Tuesday, 28 June 2016

Nottingham Eco-Expressway Takes Next Step, With Electric Buses On Their Way

A multi-million pound project to bring an electric bus route to to the city will take a step forward this week.


The Nottingham Eco-Expressway scheme will cost £9.6 million and see a high capacity, high frequency bus corridor running from the city centre into Vale Road in Colwick, taking in Manvers Street and Daleside Road in the process.
Nottingham City Council says it will serve existing businesses on the route to help people get to work, but also take in sites with big futures, such as housing projects or leisure facilities.



The local authority held a public consultation on the scheme, which finished on Friday, and this week at its Executive Board meeting, it plans on signing off £6.12 million of the funding from the local enterprise partnership D2N2 and to handover responsibility of the development to the deputy chief executive, alongside the portfolio holder for transport Nick McDonald.
"In addition to providing improved connections to existing and proposed employment sites, the scheme will deliver significant public transport benefits and will offer improved journey times and reliability for both supported and commercial bus services," says the report, which is due to go in front of the board on Tuesday.
"It is anticipated that bus journey times along the corridor will be reduced by five percent, that patronage will increase by two percent and that emissions along the corridor will be reduced as diesel buses are replaced with zero emission electric buses."

The route will begin at the proposed Gedling Access Route/Gedling Colliery Site and eventually travel out to the Boots Enterprise Zone in the west.
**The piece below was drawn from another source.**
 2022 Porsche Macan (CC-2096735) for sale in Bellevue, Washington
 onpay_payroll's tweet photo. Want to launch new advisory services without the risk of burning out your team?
And, as well as being open to the buses, the corridor will be open to use by private electric vehicles too.


 A fleet of 13 BYD electric buses will be 
delivered to Nottingham.
The council expect the electric buses to be delivered by the end of the summer this year, with construction of the route to begin in October. If all goes to plan, the whole scheme will be up and running by the end of 2017.
Councillor McDonald said: "The Eco Expressway could open up greener travel options for people wanting to travel into the city and beyond. With better bus facilities and new prioritised routes for cyclists, this is a great leap forward for sustainable transport in the city."
As well as the electric bus routes, there will be improvement to cycle ways for those who prefer to travel by two wheels.